**AIM OF THE TASK**
From the listing below, set down exactly the lines between the one holding "Fullar Light Gary" and the one holding "25CM Cartoon Fireman", inclusive. No other line is wanted.

**INPUT DATA**

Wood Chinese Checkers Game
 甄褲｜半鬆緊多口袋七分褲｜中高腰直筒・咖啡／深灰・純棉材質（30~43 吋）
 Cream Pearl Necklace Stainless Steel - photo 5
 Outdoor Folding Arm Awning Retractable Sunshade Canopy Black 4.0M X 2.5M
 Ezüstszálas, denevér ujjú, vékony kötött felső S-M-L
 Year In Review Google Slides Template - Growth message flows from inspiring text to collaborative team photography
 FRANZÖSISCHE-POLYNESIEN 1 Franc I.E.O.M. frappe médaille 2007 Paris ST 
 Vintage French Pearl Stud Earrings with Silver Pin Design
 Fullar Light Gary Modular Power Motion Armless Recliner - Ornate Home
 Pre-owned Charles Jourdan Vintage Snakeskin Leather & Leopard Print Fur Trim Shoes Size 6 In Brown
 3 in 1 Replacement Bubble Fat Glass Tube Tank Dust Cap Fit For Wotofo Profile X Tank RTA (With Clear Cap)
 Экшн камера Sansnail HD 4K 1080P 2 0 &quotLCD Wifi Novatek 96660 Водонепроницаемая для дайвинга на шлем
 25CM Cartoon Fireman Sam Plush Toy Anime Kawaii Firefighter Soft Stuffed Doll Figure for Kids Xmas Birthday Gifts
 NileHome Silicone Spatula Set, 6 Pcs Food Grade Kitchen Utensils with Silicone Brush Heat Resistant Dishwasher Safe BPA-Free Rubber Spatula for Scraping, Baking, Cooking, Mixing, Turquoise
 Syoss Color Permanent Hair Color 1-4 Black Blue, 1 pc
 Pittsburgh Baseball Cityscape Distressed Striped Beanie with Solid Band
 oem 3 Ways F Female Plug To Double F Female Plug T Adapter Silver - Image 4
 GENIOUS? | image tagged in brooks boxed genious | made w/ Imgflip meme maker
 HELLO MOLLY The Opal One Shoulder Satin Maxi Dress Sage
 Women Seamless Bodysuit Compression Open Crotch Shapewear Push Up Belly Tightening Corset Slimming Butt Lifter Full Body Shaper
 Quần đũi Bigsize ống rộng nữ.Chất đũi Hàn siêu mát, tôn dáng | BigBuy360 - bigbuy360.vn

**SOLUTION FOR THIS PROBLEM**
 Fullar Light Gary Modular Power Motion Armless Recliner - Ornate Home
 Pre-owned Charles Jourdan Vintage Snakeskin Leather & Leopard Print Fur Trim Shoes Size 6 In Brown
 3 in 1 Replacement Bubble Fat Glass Tube Tank Dust Cap Fit For Wotofo Profile X Tank RTA (With Clear Cap)
 Экшн камера Sansnail HD 4K 1080P 2 0 &quotLCD Wifi Novatek 96660 Водонепроницаемая для дайвинга на шлем
 25CM Cartoon Fireman Sam Plush Toy Anime Kawaii Firefighter Soft Stuffed Doll Figure for Kids Xmas Birthday Gifts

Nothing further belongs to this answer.